Fixing Grub/shim Issue CentOS 7

Home » CentOS » Fixing Grub/shim Issue CentOS 7
CentOS 35 Comments

After trying several paths, some suggested on this list, here’s my results.

1) Fixing a unbootable system wasn’t practical in my case. Fortunately, all my systems can be rebuilt from scratch.

2) When I was lucky enough to catch an updated system before reboot, backing out the defective updates wasn’t possible. Yum said there were no prior versions.

3) The most reliable method I found for CentOS 7 was:
– Re=install from scratch (luckily, my data files were safe and restorable)
– Before running any updates, apply the fix suggested by Redhat and exclude updates to grub2, shim and mokutil.
– Without the above ‘exclude’, the system became unbootable after a yum update even though the corrected versions of shim should have been loaded.

The system I’m dealing with is CentOS 7. I can easily rebuild it from scratch and test stuff without losing crucial data, if it would helpful.

4) I haven’t experimented yet with CentOS 8 because the hardware is remote and requires me to get a friend involved to help.

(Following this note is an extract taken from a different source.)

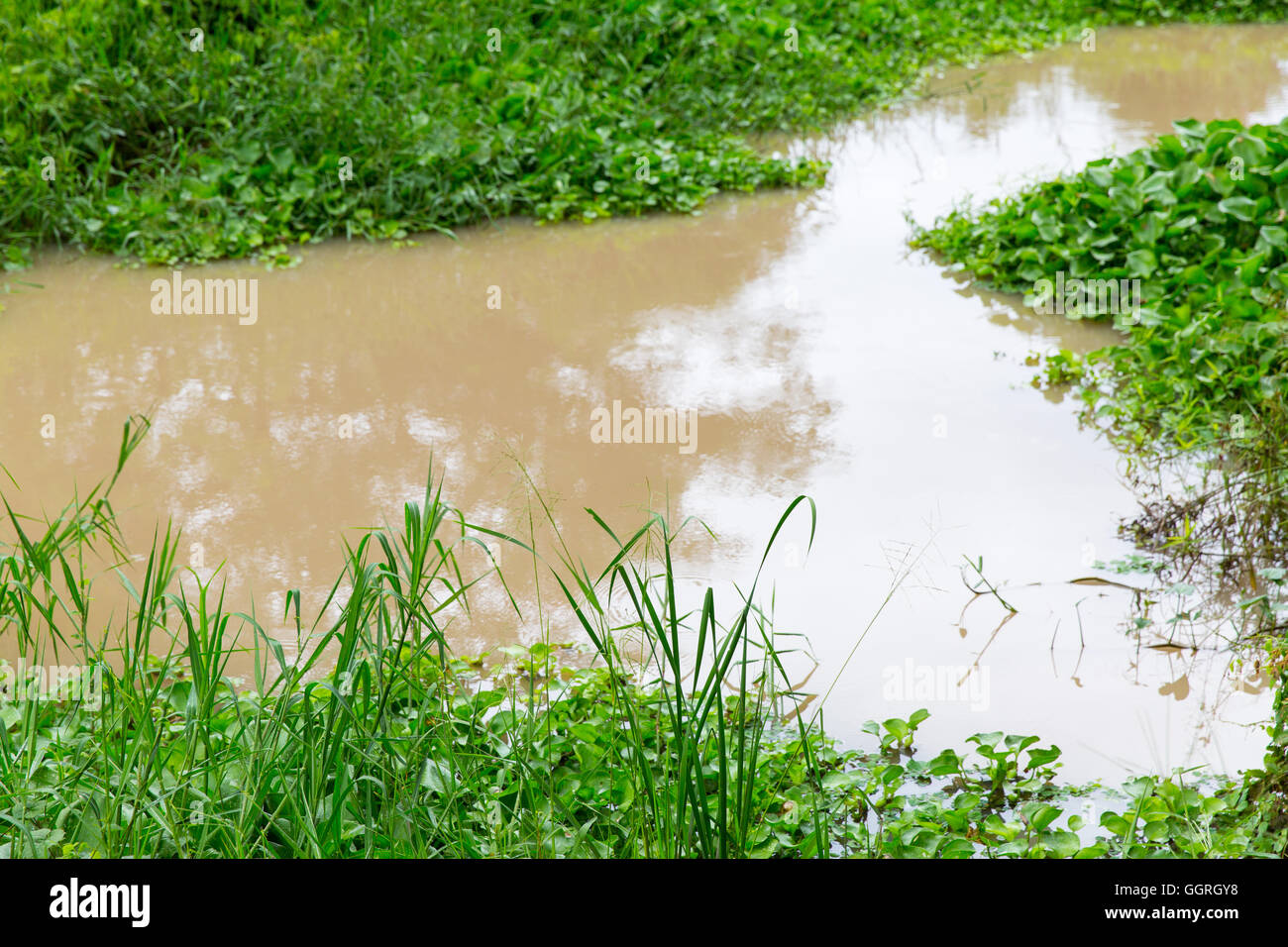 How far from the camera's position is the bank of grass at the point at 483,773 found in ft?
7.56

My local hardware is not supported by CentOS 8, so it will remain on CentOS 7
until I replace the hardware or switch to a different Linux.

David

35 thoughts on - Fixing Grub/shim Issue CentOS 7

  • Le 03/08/2020 à 19:24, david a écrit :

    Hi,

    Just back from a hiking trip. One of my clients sent me a message that his CentOS server refuses to boot. So tomorrow I have to drive there to figure out what’s going on. I guess there’s a high probability it’s the issue discussed in this thread.

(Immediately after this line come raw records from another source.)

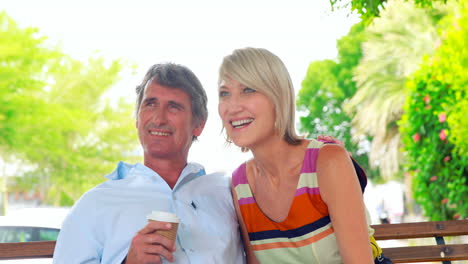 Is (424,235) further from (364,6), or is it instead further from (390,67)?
(390,67)

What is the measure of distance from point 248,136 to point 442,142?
7.11 meters

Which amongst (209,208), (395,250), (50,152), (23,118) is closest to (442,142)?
(395,250)

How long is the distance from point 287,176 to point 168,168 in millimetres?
769

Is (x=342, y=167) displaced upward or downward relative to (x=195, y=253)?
upward

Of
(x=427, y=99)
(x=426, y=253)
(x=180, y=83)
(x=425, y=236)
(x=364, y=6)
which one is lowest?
(x=426, y=253)

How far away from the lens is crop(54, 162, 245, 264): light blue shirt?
106 inches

    Simple question: besides a tsunami of mailing list and forum messages, is there some to-the-point reliable information about this mess ? As well as some to-the-point reliable information about how to fix it ?

    Thanks,

    Niki


    Microlinux – Solutions informatiques durables
    7, place de l’église – 30730 Montpezat Site : https://www.microlinux.fr Blog : https://blog.microlinux.fr Mail : info@microlinux.fr Tél. : 04 66 63 10 32
    Mob. : 06 51 80 12 12

  • Hi all,

    I had the same problem with my UEFI bios machine and I fixed it so for CentOS 7:

    1) Boot from an rescue linux usb

    2) When the rescue system is running:

        2.1) #chroot /mnt/sysimage

    3) Config network:

        3.1) # ip addr add X.X.X.X/X dev X

        3.2) # ip route add default via X.X.X.X    <--- default router 4) And finally:     #yum downgrade shim\* grub2\* mokutil     #exit     #reboot I hope you can fix it with these steps. El 4/8/20 a las 0:56, Nicolas Kovacs escribió:

  • As there are updated and working packages available now, downgrading is no longer needed, another update will also work.

    # yum makecache
    # yum upgrade

    You should see a shim-x64 package with version 15.8 which is the working version (15.7 caused the problem)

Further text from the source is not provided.